HI, I tried looking in the documentation but I couldn’t find what I’m looking for.
My question is: how are intermediate gradient collected by the backward hooks affected by amp?
I understand that during training we should use GradScaler
on the loss as GradScaler.scale(loss).backward()
, but what about the gradient collected by a backward hook? Should that also be scaled?
EDIT:
I tried doing some testing with a simple setup and found out that if amp is NOT used I obtain different gradients from when amp IS used e.g.
tensor([[-0.6644, 0.6644]], device='cuda:0') # normal
tensor([[-43552., 43552.]], device='cuda:0', dtype=torch.float16) # amp
but using GradScaler.scale on the gradient did not return the non-amp one. Is there a way to use amp and hooks to gather intermediate gradients?
Here the main parts of my testing setup
Model:
class Net(nn.Module):
def __init__(self):
super(Net, self).__init__()
self.fc1 = nn.Linear(10, 5, bias=True)
self.r1 = nn.ReLU()
self.fc2 = nn.Linear(5, 2, bias=True)
def forward(self, x):
x = self.fc1(x)
x = self.r1(x)
x = self.fc2(x)
return x
Hook:
def backward_hook(module, grad_input, grad_output):
print(grad_output[0])
Training:
dataset = TensorDataset(x, y)
dataloader = DataLoader(dataset, shuffle=False, batch_size=1, num_workers=0)
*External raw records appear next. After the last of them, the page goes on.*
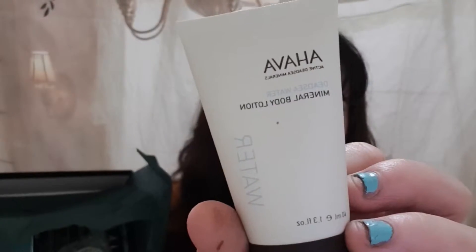This is the Hava Mineral Body Lotion — the Dead Sea water one. And it is cruelty free, paraben free, and allergy tested. There it is.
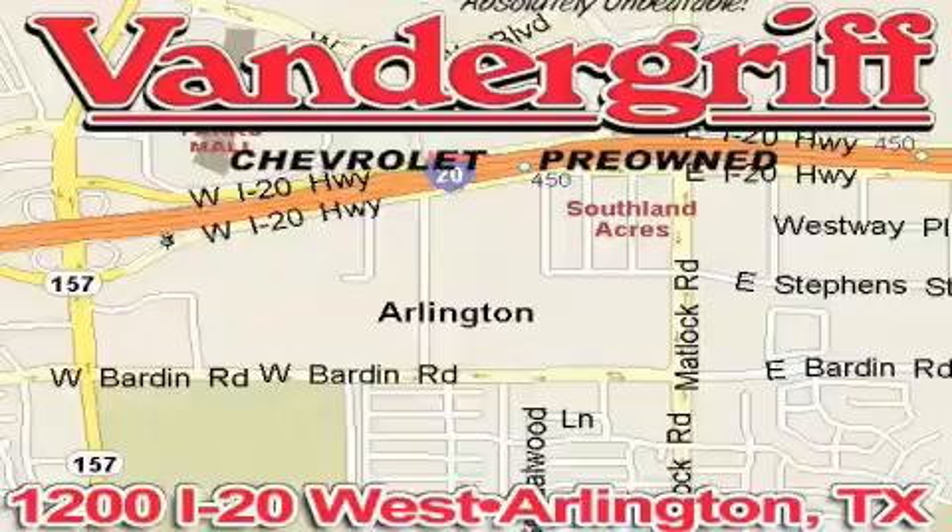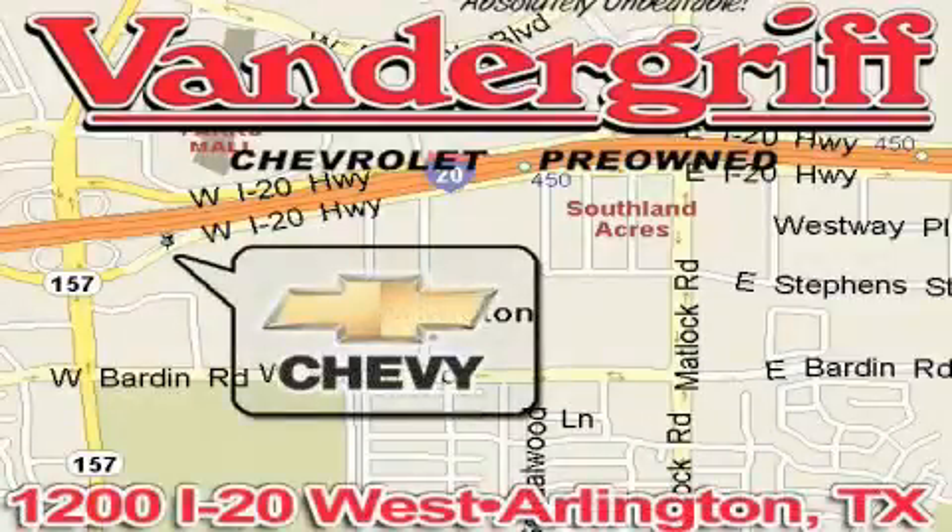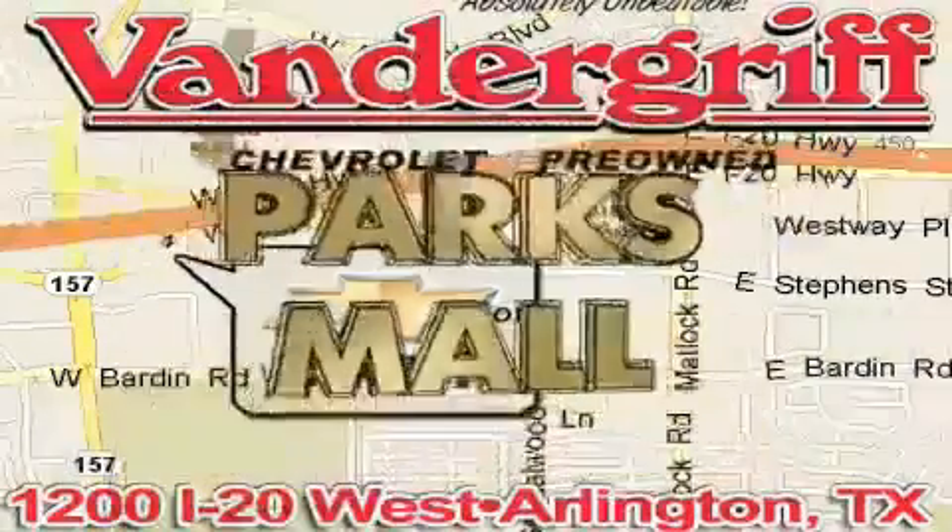Vandergriff Chevrolet, the Metroplex's volume leader, is located at 1200 Interstate 20 West, Arlington, Texas, just across from the Parkes Mall in South Arlington.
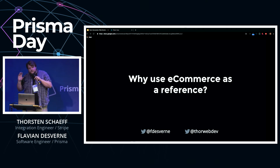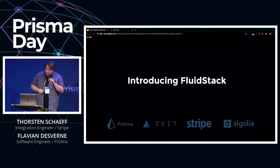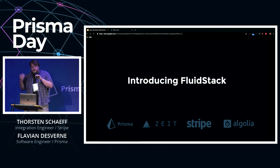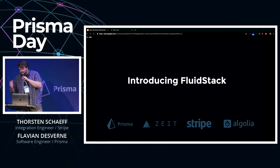At Stripe we obsess over the developer experience by building APIs, developer tools, and documentation. But there's a big learning curve involved to even get to the point where you have a product that requires payments. That's why we're teaming up with Algolia, Prisma, and hopefully many more in the future to create a modern e-commerce reference app — which will stay up to date as the web continuously evolves — to give all developers a reference implementation not just for e-commerce but for many different pieces crucial to building a modern web experience. Here to introduce the Fluid Stack to you is Flavion.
for data, target in dataloader:
data, target = data.to(device), target.to(device)
optimizer.zero_grad()
if amp:
with autocast():
out = model(data)
loss = loss_fn(out, target)
scaled_loss = scaler.scale(loss)
scaled_loss.backward()
scaler.step(optimizer)
scaler.update()
else:
out = model(data)
loss = loss_fn(out, target)
loss.backward()
optimizer.step()